Historic house in Wisconsin, United States

The Curtis–Kittleson House (also known as the Thoreau House) is a Queen Anne-style mansion built in 1901 for William Dexter Curtis, a prominent businessman and mayor of Madison whose fortune started with horse collars and saddlery. The house was later the home of Isaac Milo Kittleson, another mayor of Madison. In 1980 the house was added to the National Register of Historic Places.

==History==
In 1870 Dexter Curtis, the father of the man who built this house, patented a method of enclosing small sheets of zinc in leather horse collar pads to reduce the sores on horses' necks. With this innovation, he started the Dexter Curtis Company to sell saddlery equipment.
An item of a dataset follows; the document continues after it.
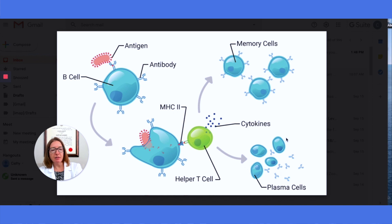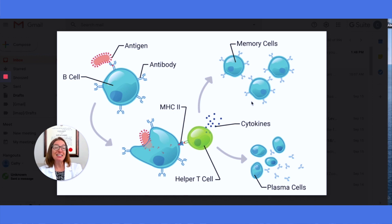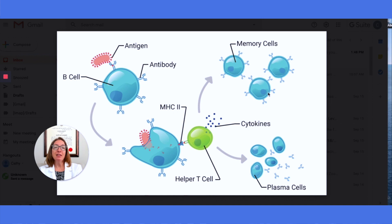These plasma cells will produce and release antibodies that will work against this specific antigen. The memory cells will become sensitized, but they will not function until the next exposure to the antigen. At that time, when they are re-exposed, they will mount a large and rapid response to that antigen — they're ready to go next time the body encounters that same antigen.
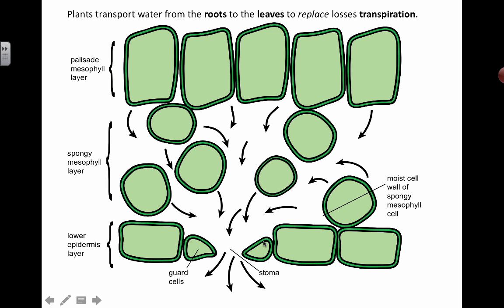Here's a close-up diagram showing a transverse section through a leaf. The palisade mesophyll layer is closest to the top, so there's a lot of chlorophyll in these cells in order to do photosynthesis. You can see there are a lot of spaces for gas exchange, and water gets pulled through this spongy mesophyll layer and exits through the stomata. This is the transpiration stream — the arrows show the direction that water takes to actually leave the cell.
His company was so successful that it had factories overseas in England and France along with Madison and Michigan, and he made a fortune.

The elder Curtis's son William Dexter Curtis was managing his father's saddlery business when old Curtis died in 1898. At times William also served as chairman of the board of Union Trust Co., as vice-president of the 1st National Bank, and as v.p. and financial manager of the L.L. Olds Seed Co. As a sign of their success, in 1901 William and his wife Mary built this mansion on a prominent corner in a prestigious neighborhood.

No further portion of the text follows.